● **Provided material**
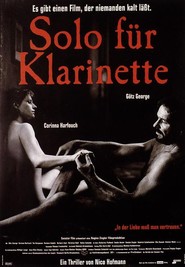 Solo fur Klarinette movie in Tobias Schenke filmography.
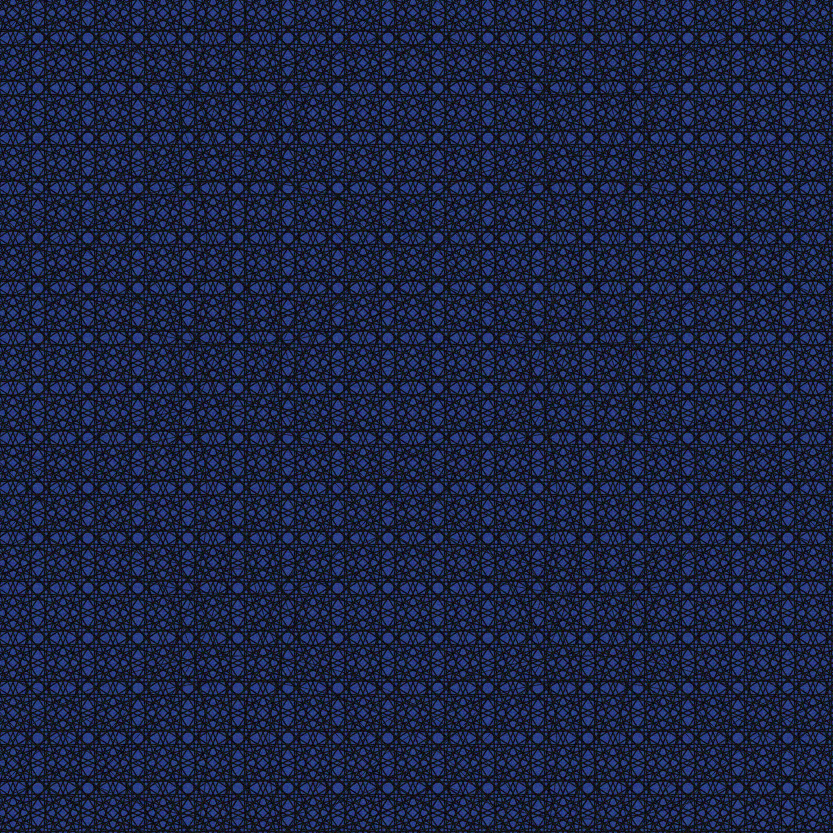 Dark Mode #14 static token preview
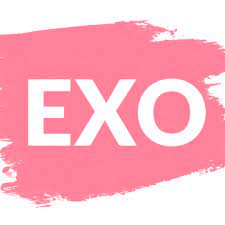 EXObeauty Discount Code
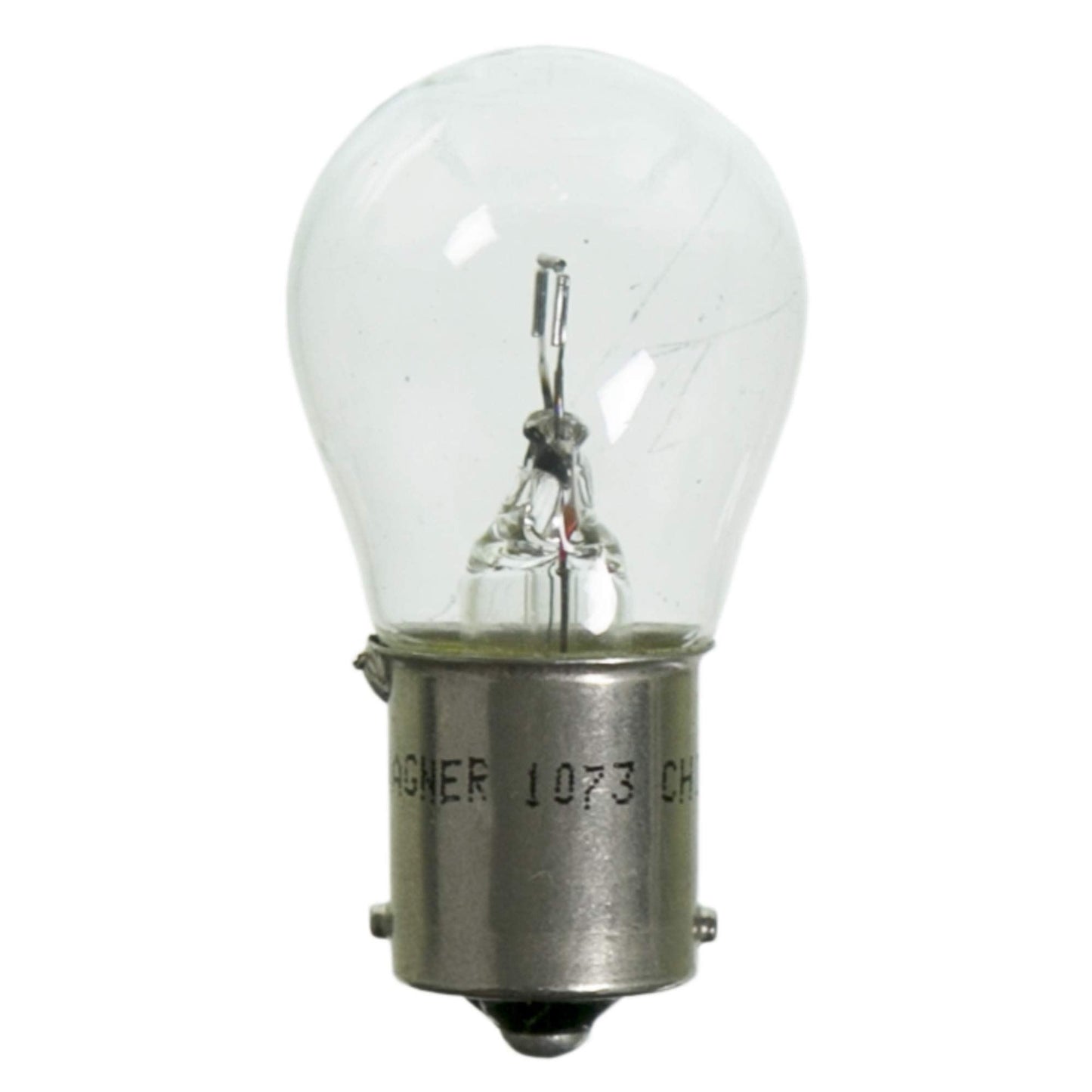 Wagner BP1073 Bombilla de luz intermitente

● **What the task asks**
Print the data again word for word, pictures excluded.

● **Task response**
 Solo fur Klarinette movie in Tobias Schenke filmography.
 Dark Mode #14 static token preview
 EXObeauty Discount Code
 Wagner BP1073 Bombilla de luz intermitente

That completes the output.